EMEK Partisi Genel Başkan Yardımcısı Selma Gürkan, Türk Silahlı Kuvvetleri, Irak Kürdistan Bölgesi ve Suriye'de YPG kontrolündeki bölgelere hava harekâtı düzenlemesine tepki gösteren bir açıklama yayımladı.
“Emekten, barıştan, demokrasiden yana güçler, şoven ve milliyetçi dalgayı göğüslemek, barış ve özgürlük çağrılarını büyütmek için birlikte ve kararlı tutumda ısrar etmelidir” diyen Gürkan, açıklamada, “Tek adam yönetiminin izlediği politikalar, seçimler yaklaşırken baskı ve korku ortamını halkın günlük yaşamına bütünüyle egemen hale getirmek istediğinin açık kanıtıdır. İktidar geçmişte olduğu gibi bugünde “terör ve savaş kaygılarını” yaygınlaştırıp, milliyetçi bir atmosferden seçimler için yararlanmak istiyor. İç politikada yararlı olacağı düşünülerek yaratılan çatışma ortamı, bölge açısından savaş kışkırtıcılığından başka bir anlam taşımıyor.

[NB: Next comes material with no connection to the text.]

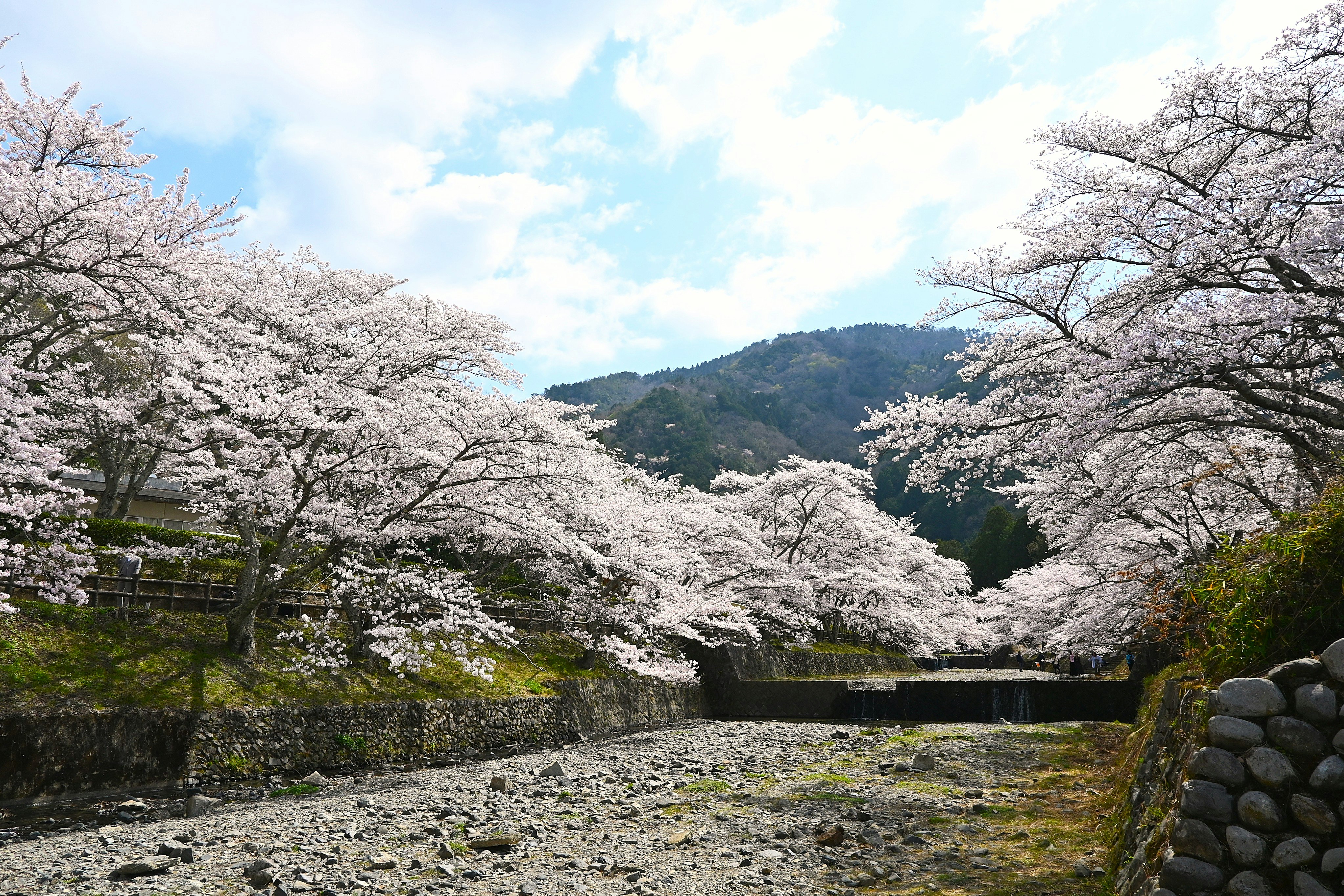 七谷川沿いの桜並木と石垣の小道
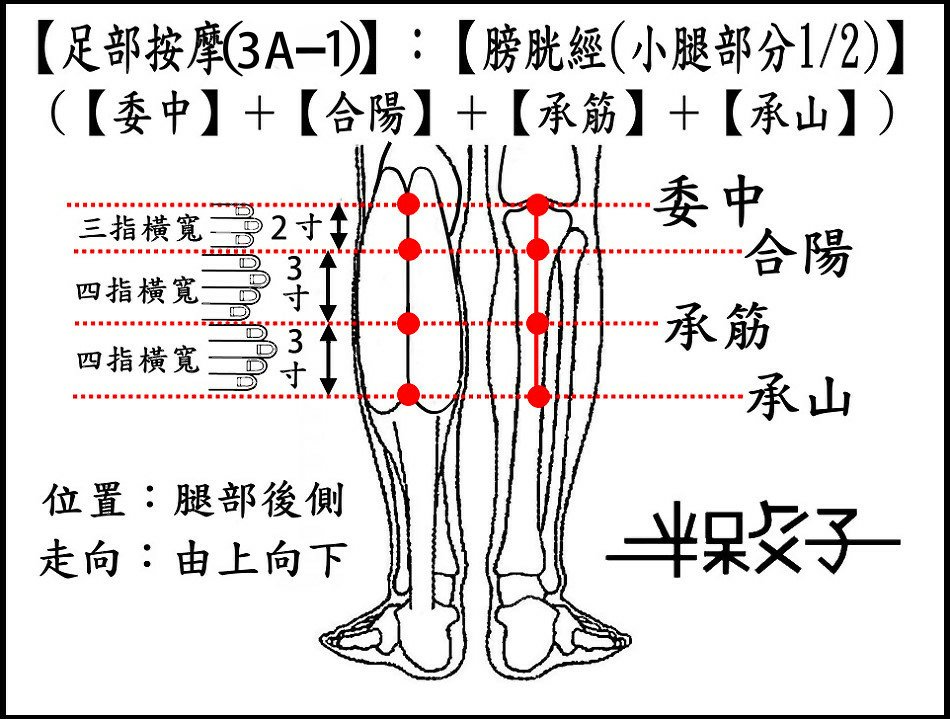 足部(3A-1)(小腿-1).jpg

Savaş ise defalarca yaşanıp görüldüğü gibi daha fazla ölüm, daha fazla yoksulluk, daha fazla sömürü, daha fazla soygun ortamı demektir” dedi.
EMEK Partisi Genel Başkan Yardımcısı Selma Gürkan’ın açıklaması şu şekilde:
Operasyonlar durdurulmalıdır. Komşu halklarla barış içinde olunması şarttır.
İçeride insanca bir yaşam ve demokratik haklar, bölgede ise barış için mücadeleyi yükseltelim.
Dün gece, Türk Silahlı Kuvvetleri, Irak Kürdistan Bölgesi ve Suriye'de YPG kontrolündeki bölgelere hava harekâtı düzenledi.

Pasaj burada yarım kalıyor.